Crawled caption data
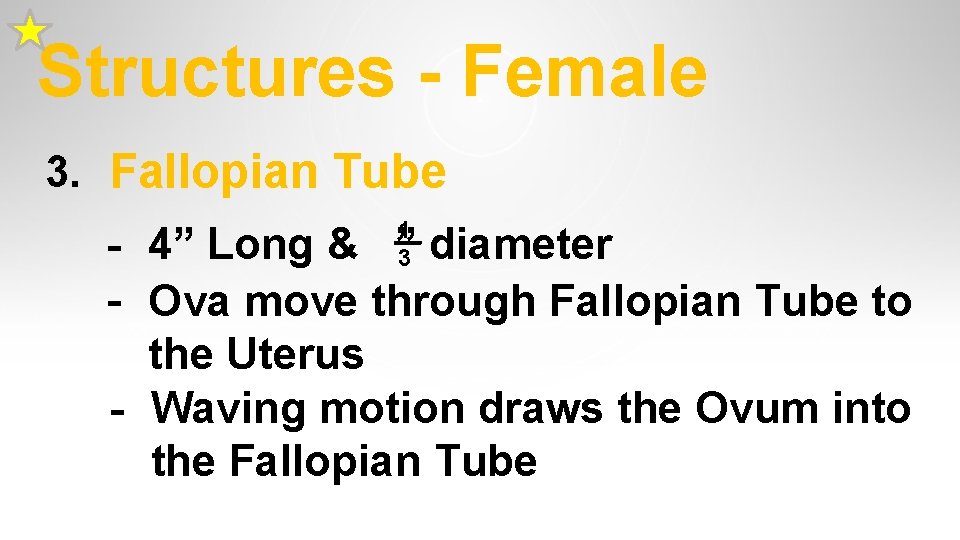 Structures - Female 3. Fallopian Tube 1 __ 3 - 4” Long & ” Structures - Female 3. Fallopian Tube 1 __ 3 - 4” Long & ”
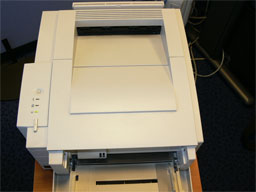 HP6P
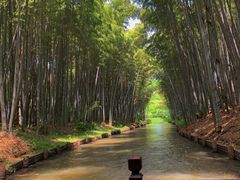 -同里国家湿地公园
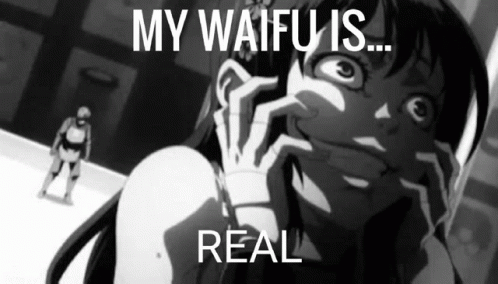 Waifu Is Really Real GIF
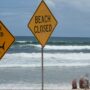 Copertina di Terzo attacco mortale di squalo in quattro settimane in Australia: muore pescatore di 35 anni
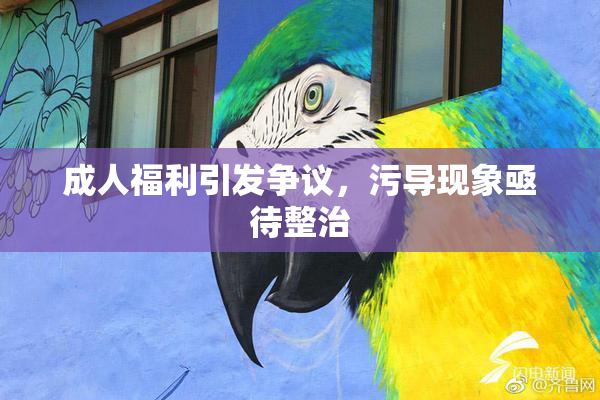 成人福利引发争议，污导现象亟待整治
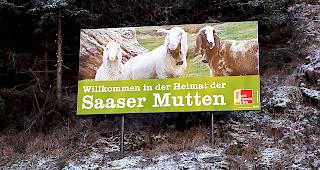 Die Infotafel soll die Leute f&uuml;r die Saaser Mutten sensibilisieren.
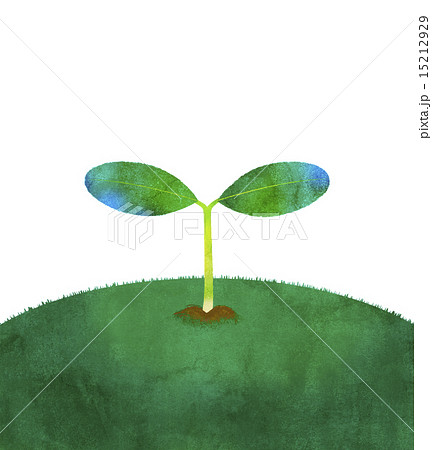 芽吹きのイラスト素材 [15212929] - PIXTA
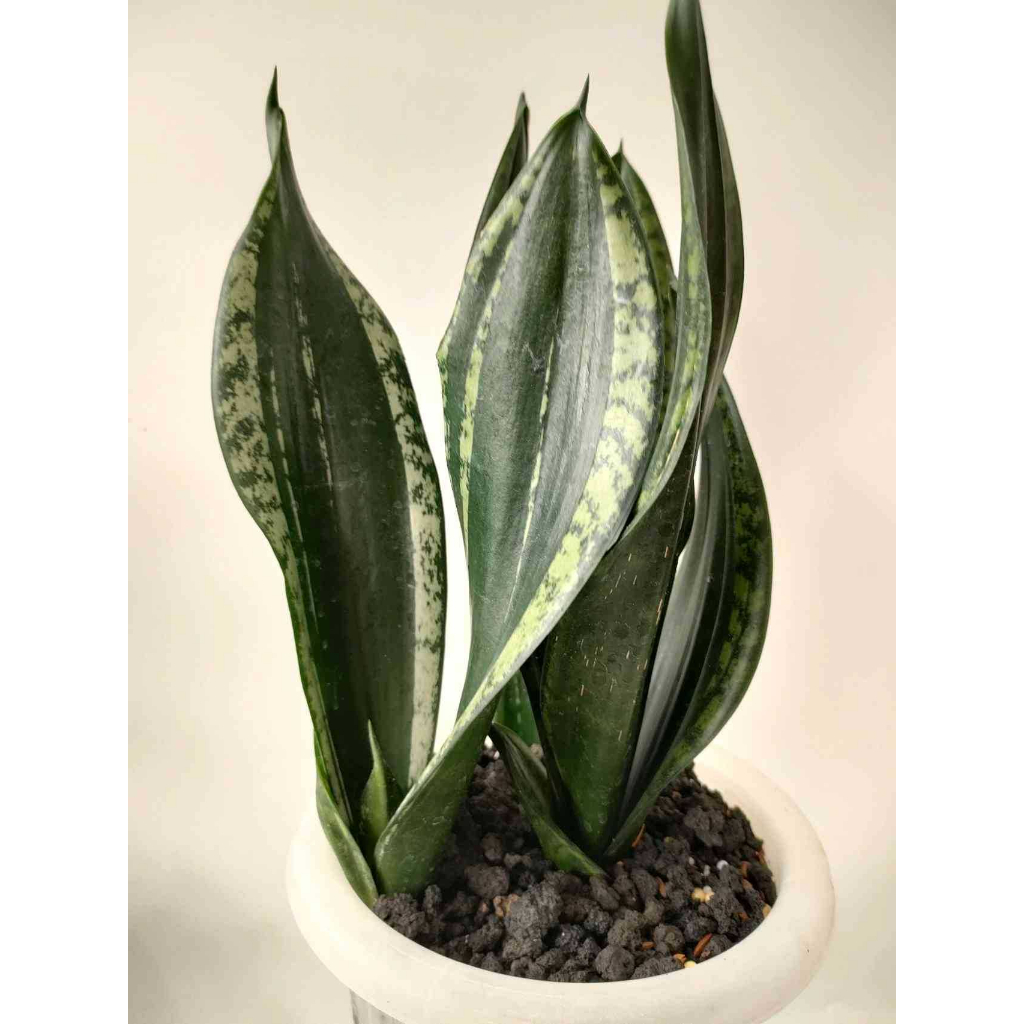 Sindo Sansevieria Trifasciata Whitney Bare Rooted Hardy And Beautiful Indoor Plant For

**YOUR INSTRUCTIONS**
From the first line above to the last, copy the records exactly but omit the pictures.

**SOLUTION TO THIS TASK**
 Structures - Female 3. Fallopian Tube 1 __ 3 - 4” Long & ” Structures - Female 3. Fallopian Tube 1 __ 3 - 4” Long & ”
 HP6P
 -同里国家湿地公园
 Waifu Is Really Real GIF
 Copertina di Terzo attacco mortale di squalo in quattro settimane in Australia: muore pescatore di 35 anni
 成人福利引发争议，污导现象亟待整治
 Die Infotafel soll die Leute f&uuml;r die Saaser Mutten sensibilisieren.
 芽吹きのイラスト素材 [15212929] - PIXTA
 Sindo Sansevieria Trifasciata Whitney Bare Rooted Hardy And Beautiful Indoor Plant For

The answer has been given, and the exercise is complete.